Dust storm at destroyed Beirut port raises health concerns

Lebanon’s leading air pollution expert issues warning about residents’ exposure to carcinogenic asbestos fibres

An aerial view shows the massive damage done to Beirut port's grain silos (C) and the area around it on August 5, 2020, one day after a mega-blast tore through the harbour in the heart of the Lebanese capital with the force of an earthquake, killing more than 100 people and injuring over 4,000. - Rescuers searched for survivors in Beirut in the morning after a cataclysmic explosion at the port sowed devastation across entire neighbourhoods, killing more than 100 people, wounding thousands and plunging Lebanon deeper into crisis. (Photo by - / AFP)
Beta V.1.0 - Powered by automated translation

Images of a dust storm at Beirut port were circulated widely on Wednesday amid renewed health fears about residents’ exposure to carcinogenic asbestos fibres, about three months after a deadly blast destroyed thousands of buildings and killed at least 190 people.
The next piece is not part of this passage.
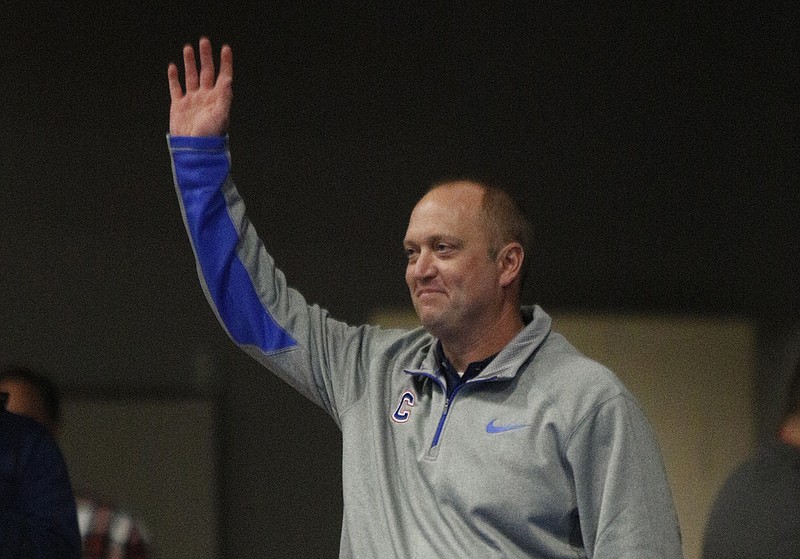 New Cleveland football coach Scott Cummings raids his hand as he is introduced before the Cleveland-Bradley Central high school wrestling meet Tuesday, Jan. 6, 2015, at Cleveland Middle School in Cleveland, Tenn. (Staff Photo by Doug Strickland)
“There are a lot of hazardous chemicals at the port, including asbestos,” said Najat Saliba, head of the atmospheric and analytical lab at the American University of Beirut.
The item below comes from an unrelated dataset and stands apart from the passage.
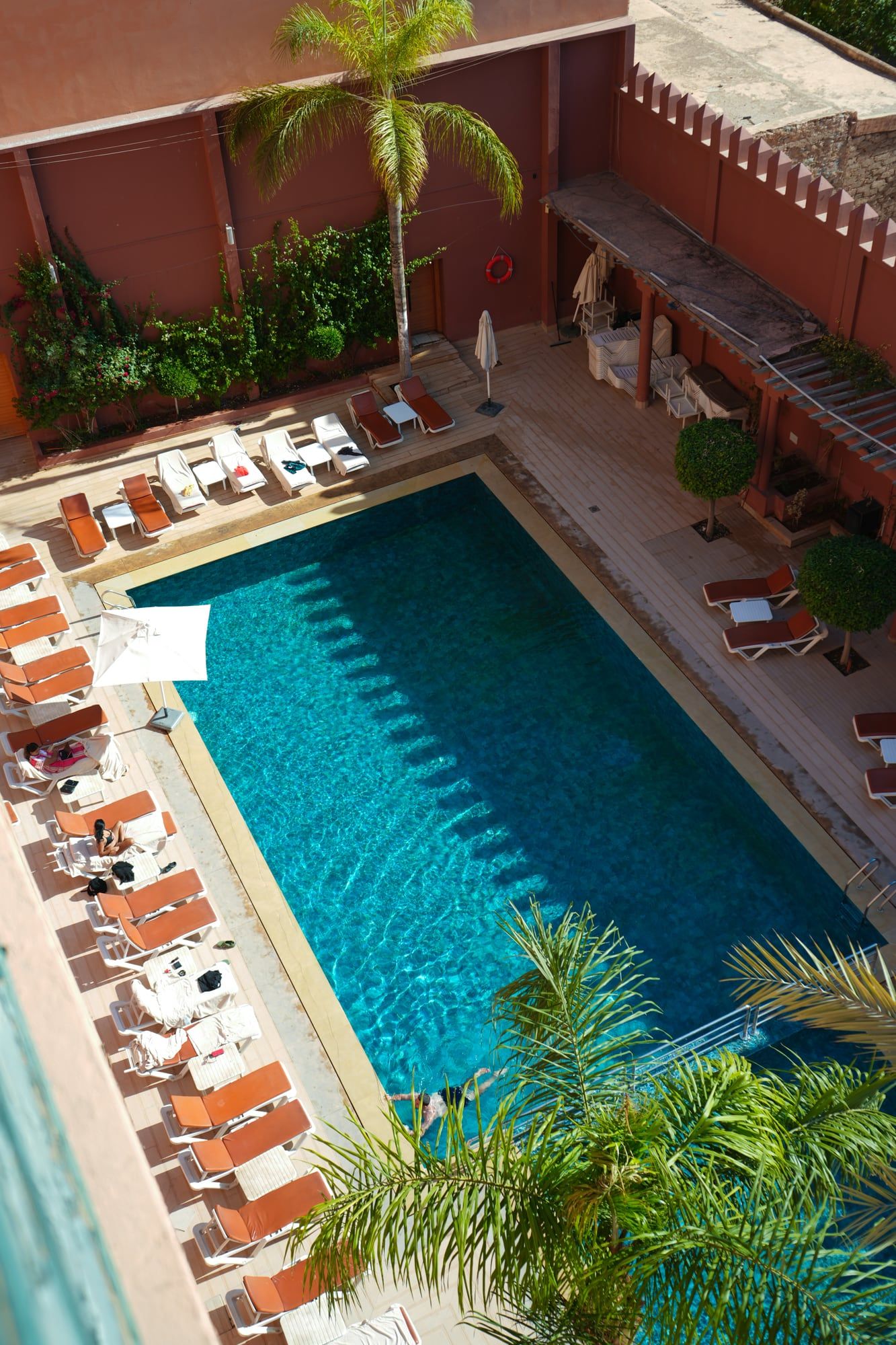 Aerial view of a pool and sun loungers in Marrakech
Videos shared online showed clouds of dust rising several metres above the damaged port.

The National was not able to verify them independently.

Documents released by the United Nations after the August 4 explosion show that asbestos is one of many hazardous materials found at the port.
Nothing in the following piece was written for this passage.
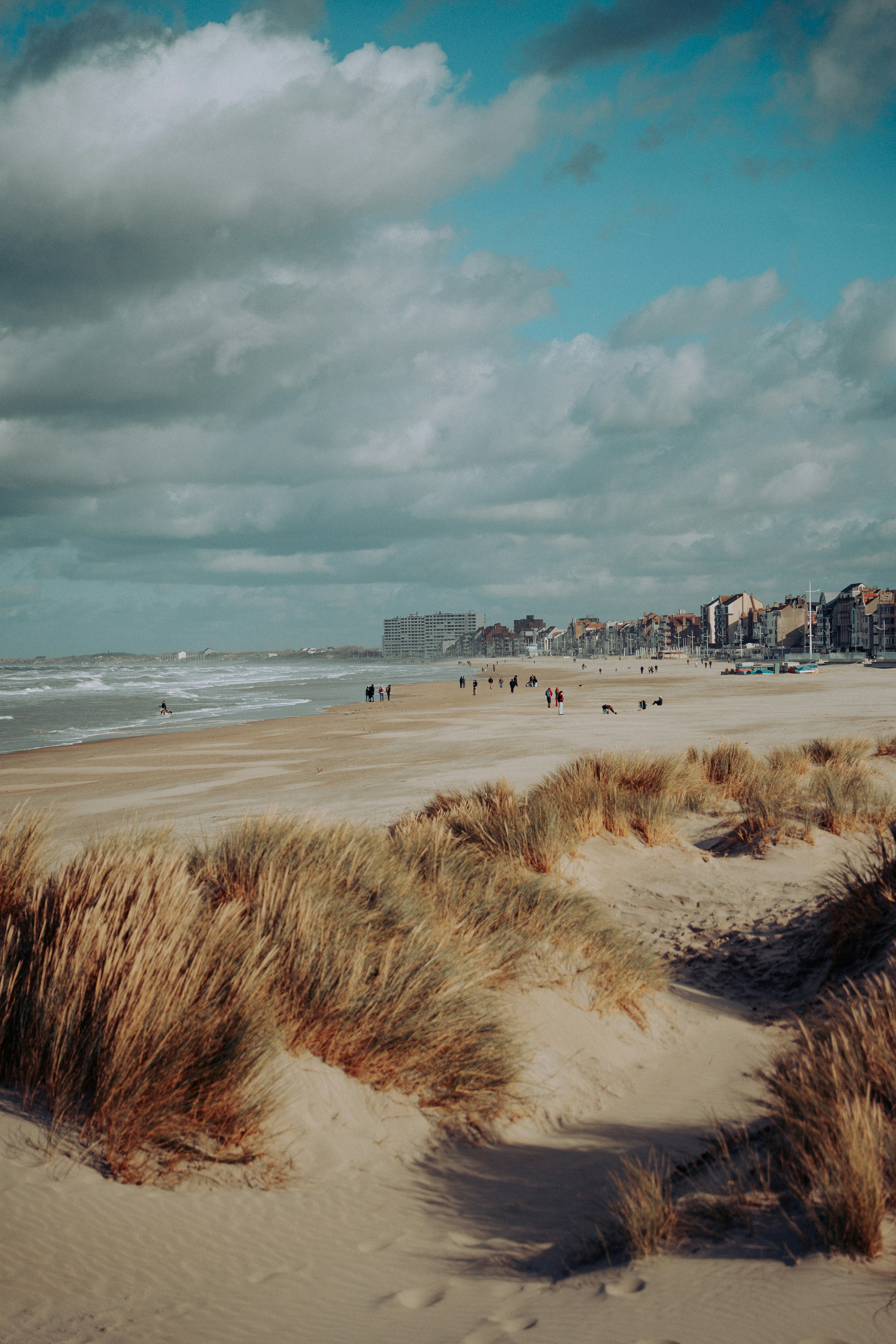 Dunas de areia e praia com prédios distantes sob céu nublado.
Other dangerous chemicals include hydrofluoric acid oxidizer – a highly corrosive chemical that removes stains from metal – and bleaching agents such as benzoyl peroxide and calcium hypochlorite.

The Lebanese authorities said that the blast was accidentally caused by a welder working in a warehouse where 2,750 tonnes of ammonium nitrate were stored.

“If people are close to the area and see the dust coming their way, they should close their windows and not go outside,” Ms Saliba said.

People who do go out should wear double masks at least, she said.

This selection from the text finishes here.